The majority instead compares the undefined DTA process to an equally undefined habeas right—one that is to be given shape only in the future by district courts on a case-by-case basis. This whole approach is misguided .... All that today’s opinion has done is shift responsibility for those sensitive foreign policy and national security decisions from the elected branches to the Federal Judiciary. [Roberts, CJ , at 2-3.]

Today the Court strikes down as inadequate the most generous set of procedural protections ever afforded aliens detained by this country as enemy combatants. The political branches crafted these procedures amidst an ongoing military conflict, after much careful investigation and thorough debate. The Court rejects them today out of hand, without bothering to say what due process rights the detainees possess, without explaining how the statute fails to vindicate those rights, and before a single petitioner has even attempted to avail himself of the law’s operation. And to what effect? The majority merely replaces a review system designed by the people’s representatives with a set of shapeless procedures to be defined by federal courts at some future date. One cannot help but think, after surveying the modest practical results of the majority’s ambitious opinion, that this decision is not really about the detainees at all, but about control of` federal policy regarding enemy combatants?
--Roberts, C.J., at 1-2

American Citizens Have Right to Habeas Corpus Relief When Detained Abroad

On June 12, 2008, a unanimous Supreme Court ruled in Munaf v. Geren, 554 U.S. ___ (2008) that American citizens detained outside the United States and charged with war offenses against the U.S. have the right to seek and obtain habeas corpus review of their detention.

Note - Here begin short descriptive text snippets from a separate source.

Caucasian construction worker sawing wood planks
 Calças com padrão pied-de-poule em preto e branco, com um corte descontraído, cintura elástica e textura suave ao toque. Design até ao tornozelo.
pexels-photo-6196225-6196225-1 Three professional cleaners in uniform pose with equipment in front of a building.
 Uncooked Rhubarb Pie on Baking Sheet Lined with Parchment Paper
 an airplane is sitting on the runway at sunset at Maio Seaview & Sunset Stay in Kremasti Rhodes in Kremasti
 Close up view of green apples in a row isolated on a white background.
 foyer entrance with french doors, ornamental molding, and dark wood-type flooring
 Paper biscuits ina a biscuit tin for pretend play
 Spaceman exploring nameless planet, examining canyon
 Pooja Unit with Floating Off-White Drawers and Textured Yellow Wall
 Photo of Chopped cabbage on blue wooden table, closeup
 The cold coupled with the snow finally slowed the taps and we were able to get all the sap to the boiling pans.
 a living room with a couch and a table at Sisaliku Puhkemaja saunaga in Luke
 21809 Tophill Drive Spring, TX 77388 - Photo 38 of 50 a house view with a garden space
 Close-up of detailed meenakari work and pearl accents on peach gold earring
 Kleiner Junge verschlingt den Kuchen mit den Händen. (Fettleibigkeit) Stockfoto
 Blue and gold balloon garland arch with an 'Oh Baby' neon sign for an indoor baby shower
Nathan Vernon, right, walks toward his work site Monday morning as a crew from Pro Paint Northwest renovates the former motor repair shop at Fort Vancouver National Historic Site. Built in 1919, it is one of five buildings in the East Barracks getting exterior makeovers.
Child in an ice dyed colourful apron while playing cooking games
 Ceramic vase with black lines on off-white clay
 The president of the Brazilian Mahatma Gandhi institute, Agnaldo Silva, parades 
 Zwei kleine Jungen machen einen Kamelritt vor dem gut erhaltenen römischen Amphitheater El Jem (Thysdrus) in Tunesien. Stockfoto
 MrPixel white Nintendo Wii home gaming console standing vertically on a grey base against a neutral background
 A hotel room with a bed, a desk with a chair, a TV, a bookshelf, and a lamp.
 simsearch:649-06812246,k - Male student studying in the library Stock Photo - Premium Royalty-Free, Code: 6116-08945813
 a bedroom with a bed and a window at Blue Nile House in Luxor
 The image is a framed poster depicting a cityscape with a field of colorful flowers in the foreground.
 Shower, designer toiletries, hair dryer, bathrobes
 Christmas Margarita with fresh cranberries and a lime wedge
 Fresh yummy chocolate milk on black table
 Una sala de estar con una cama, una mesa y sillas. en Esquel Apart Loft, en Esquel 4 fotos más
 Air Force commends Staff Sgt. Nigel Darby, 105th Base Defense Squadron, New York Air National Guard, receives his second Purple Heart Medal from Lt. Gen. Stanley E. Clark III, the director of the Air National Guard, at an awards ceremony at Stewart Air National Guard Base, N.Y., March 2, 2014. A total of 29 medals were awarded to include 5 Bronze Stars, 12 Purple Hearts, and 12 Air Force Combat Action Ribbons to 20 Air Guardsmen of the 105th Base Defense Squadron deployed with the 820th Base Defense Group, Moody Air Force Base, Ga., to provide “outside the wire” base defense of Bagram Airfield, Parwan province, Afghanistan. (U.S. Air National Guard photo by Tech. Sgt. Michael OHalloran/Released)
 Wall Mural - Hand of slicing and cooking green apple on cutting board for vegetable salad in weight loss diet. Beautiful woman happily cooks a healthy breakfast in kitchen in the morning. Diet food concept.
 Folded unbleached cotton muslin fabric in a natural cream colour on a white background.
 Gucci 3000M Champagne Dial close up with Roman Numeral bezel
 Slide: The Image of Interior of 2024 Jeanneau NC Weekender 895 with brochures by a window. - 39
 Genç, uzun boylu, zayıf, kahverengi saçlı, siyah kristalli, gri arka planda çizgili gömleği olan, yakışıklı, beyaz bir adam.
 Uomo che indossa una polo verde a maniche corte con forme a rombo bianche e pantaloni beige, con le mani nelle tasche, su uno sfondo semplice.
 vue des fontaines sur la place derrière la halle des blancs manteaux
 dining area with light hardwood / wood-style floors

Although the Court was sharply divided (5-4) in its ruling in Boudiemene that alien enemy combatants had a right to habeas corpus review of their detention, in Munaf the Court was unanimous in holding that American citizens have the right to habeas corpus review no matter where they may be detained.



1 It is important to understand the definition of an “enemy combatant.” This is to be distinguished from a prisoner of war, in the uniform of its country. An enemy combatant is one who is not dressed in the military uniform of its country, but who for all appearances is a civilian, and who nevertheless fights against our troops. In other words, an enemy combatant is like a spy or a terrorist who may by subterfuge and stealth infiltrate our ranks to wreck havoc through covert means.

2 Combatant Status Review Tribunals

3 It should be pointed out that some of the detainees that were released later returned to the battle field to kill American troops.